James Bunbury (born 21 February 1972), known as Turtle Bunbury, is an Irish author, historian, and television presenter. He has published a number of books such as the Vanishing Ireland series, Easter Dawn -The 1916 Rising, The Glorious Madness (short-listed for Best Irish-published Book of the Year 2014) and 1847 – A Chronicle of Genius, Generosity & Savagery.

Career 
Bunbury is the third son of Thomas Bunbury, 5th Baron Rathdonnell and Jessica Harriet, daughter of George Gilbert Butler, of Scatorish, Bennettsbridge, County Kilkenny, Ireland (brother of the essayist Hubert Butler). He was raised at Lisnavagh House, Rathvilly, County Carlow, in Ireland, and received his early education locally and at Castle Park School in Dublin. He later studied at Glenalmond College, Perthshire, Scotland, before going on to Trinity College, Dublin and the University of Groningen in the Netherlands.

From 1996 to 1998 he lived in Hong Kong, working as a freelance correspondent with the South China Morning Post and Business News Indochina.

Bunbury was a co-presenter of The Genealogy Roadshow on RTÉ television in 2011 and 2014. He also presented Hidden Histories on Newstalk Radio in 2013. He co-wrote the 2008 documentary John Henry Foley: Sculptor of the Empire. He has also appeared on BBC1's Wogan's Ireland, and episodes of the American version and Irish version of the Who Do You Think You Are?

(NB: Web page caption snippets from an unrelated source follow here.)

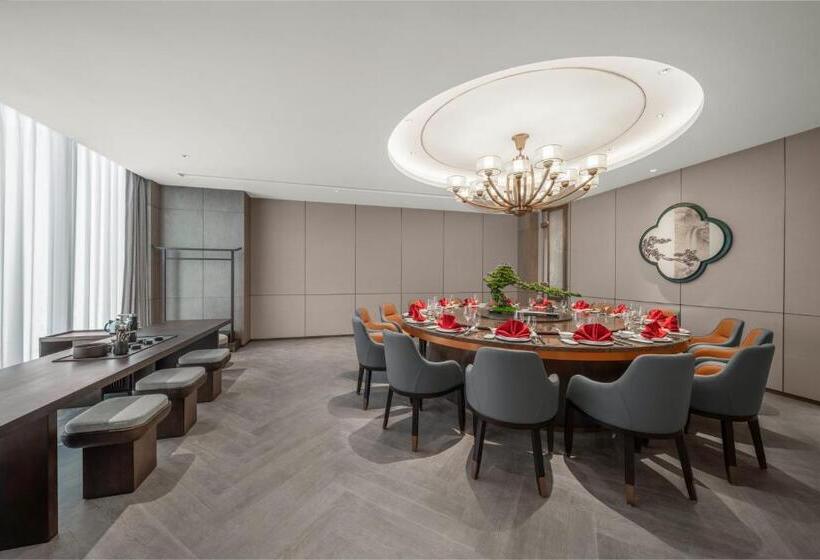 בית מלון כפרי Holiday Inn Fu An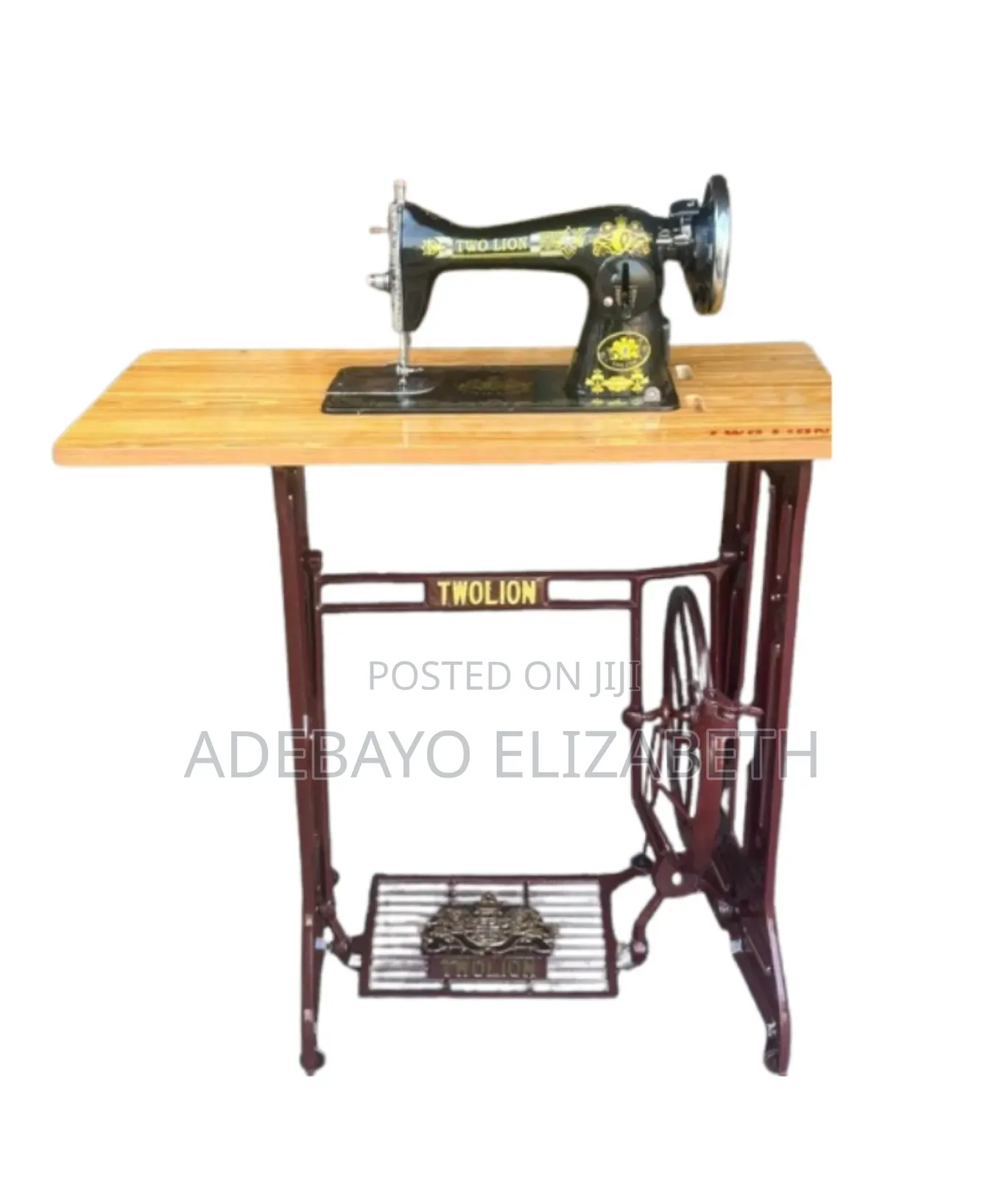 Sewing Machine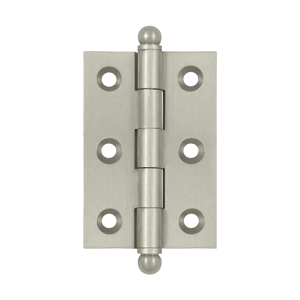 Ball Tipped Solid Brass Hinge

TV series.

BBC History Magazine described him as "a skilled storyteller", and novelist Marjorie Quarton described Bunbury as being "one of the most versatile authors of his generation … a serious author with a light touch in writing". 

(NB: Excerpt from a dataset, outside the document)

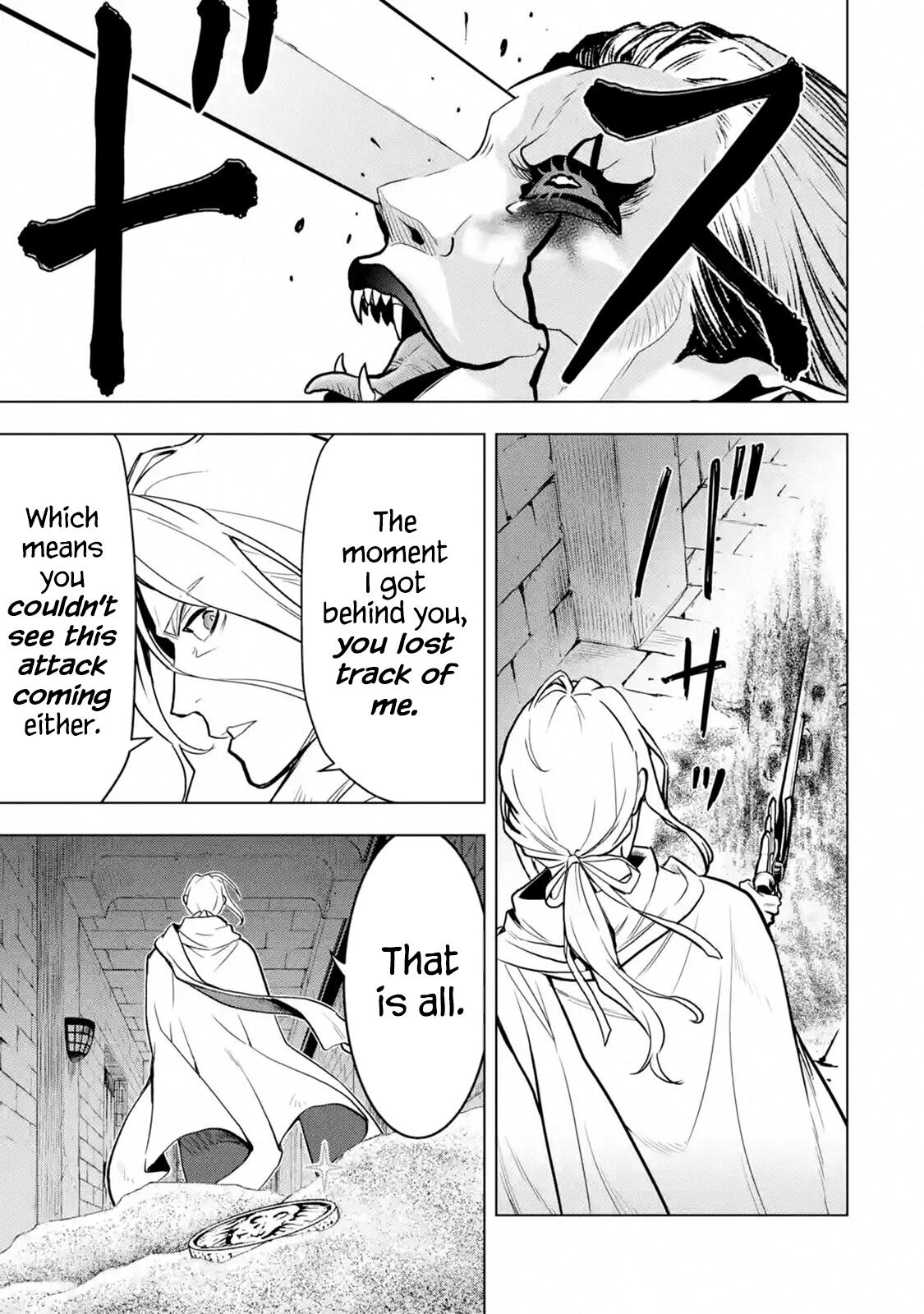 I Became a Legend a Decade Later After Telling My Comrades to Leave Everything to Me and Retreat First Chapter 15 - Page 27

His work has appeared in National Geographic Traveler, Daily Beast, The Australian, The Guardian and the Irish Times.

In 2019, Bunbury began a collaboration with Iarnród Éireann / Irish Rail and Flahavan's for a project called ‘Past Tracks,’ an exhibition of historic panels that went on semi-permanent display in several railway stations around Ireland.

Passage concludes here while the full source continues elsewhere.